介護事業所の正社員の今年度の賃上げ率は2.52%で、春闘での賃上げ率が5%以上になったため、介護業界は苦境に立たされている。

基本給を底上げするベースアップ(ベア)による引き上げは平均3299円で、1.36%の賃上げ率にとどまっており、現場の経営状況が厳しい状況にある。

全老健の会長は、他産業の賃上げに追いつけず、報酬が足りない状況が人材流出を招く可能性があると指摘している。

賃上げ率2.5%でも「他産業に追いつかず」 介護事業所団体が調査

 特別養護老人ホームや訪問介護など介護事業所の正社員の今年度の賃上げ率(前年度比)が、2.52%だったとする調査結果を業界団体が発表した。

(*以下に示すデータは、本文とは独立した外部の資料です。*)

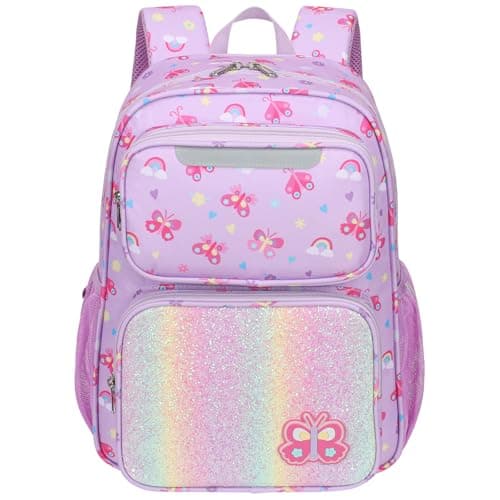 BrainyBees Kids Backpack for Girls Kindergarten 15 Inch Lightweight School Bookbag fits Folder Backpack for Kids 47 with Leakproof Insulated Pocket for Lunch and Snacks Purple Butterfly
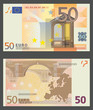 image of 50 euro banknote. Transparency, clipping path and blend effects used.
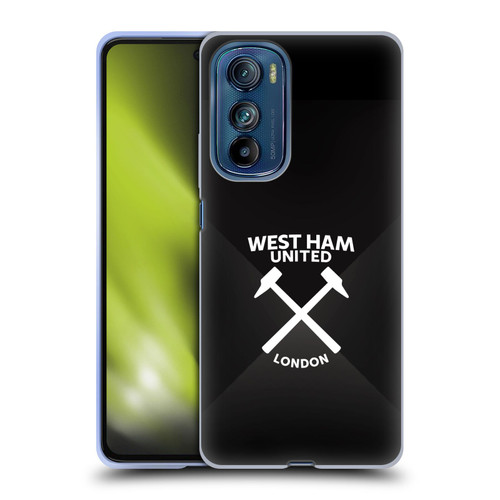 West Ham United FC Hammer Marque Kit Black & White Gradient Soft Gel Case for Motorola Edge 30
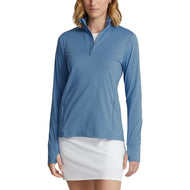 Rlx Ralph Lauren Women's Stretch Jersey Quarter Zip Golf Pullover - Hatteras Blue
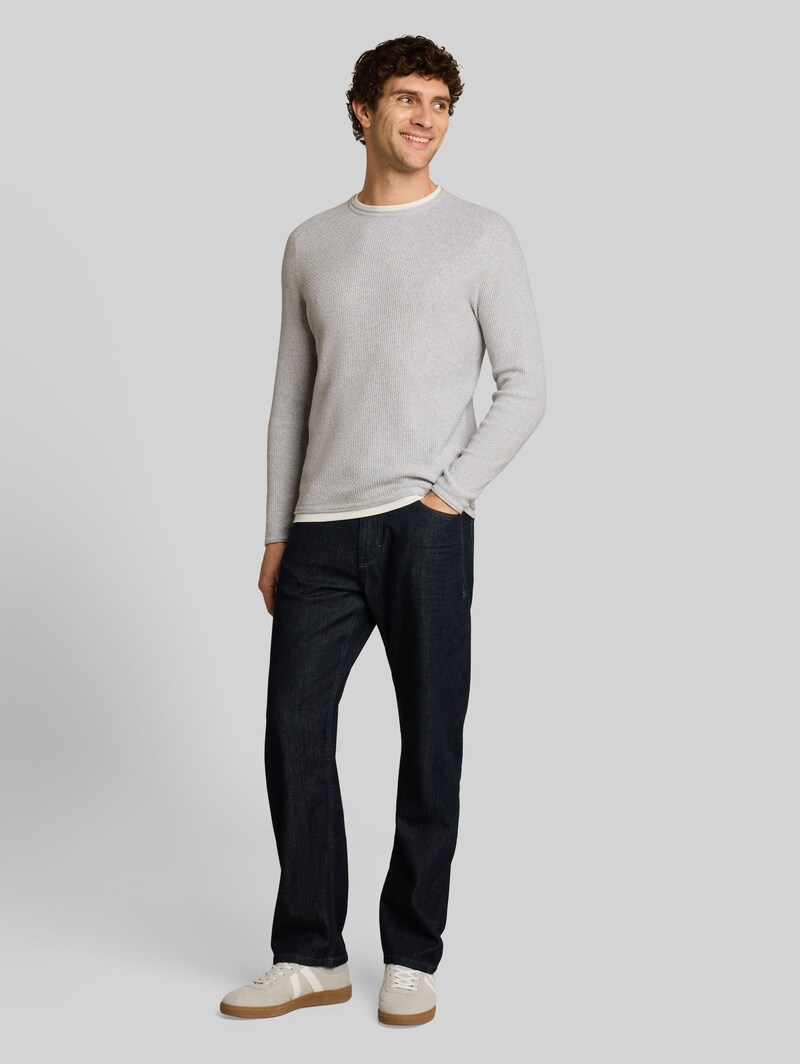 Tom Tailor Strickpullover im 2-in-1-Look - Light Stone Grey Melange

今年度の介護報酬改定では、来年度まで2年間の賃上げ率4.5%を前提に報酬が引き上げられたが、団体からは「さらに賃上げする余裕はない」と苦境を訴える声があがった。

 調査は、全国老人保健施設協会(全老健)など介護分野の事業者からなる9団体が、8~9月に実施。2060件(8761事業所分)の回答を集計した結果、正社員の今年度の賃上げ額は平均6098円で、前年度の平均4600円の約1.3倍となった。賃上げ率は2.52%だった。賃上げ全体のうち基本給を底上げするベースアップ(ベア)による引き上げは平均3299円で、1.36%の賃上げ率にとどまった。

 全老健の東憲太郎会長は、「今年度に2.5%分の賃上げをするという政府との約束は果たせた形だが、ベアはあまり進んでいないことから、現場は厳しい経営状況だったのでは」と分析。今年の春闘での賃上げ率が5%以上となり、10月には最低賃金が過去最大幅で引き上げられることなどを踏まえ、「とてもじゃないが他産業の賃上げには追いつかない。人材流出を防ぐには報酬が足りない」と話した。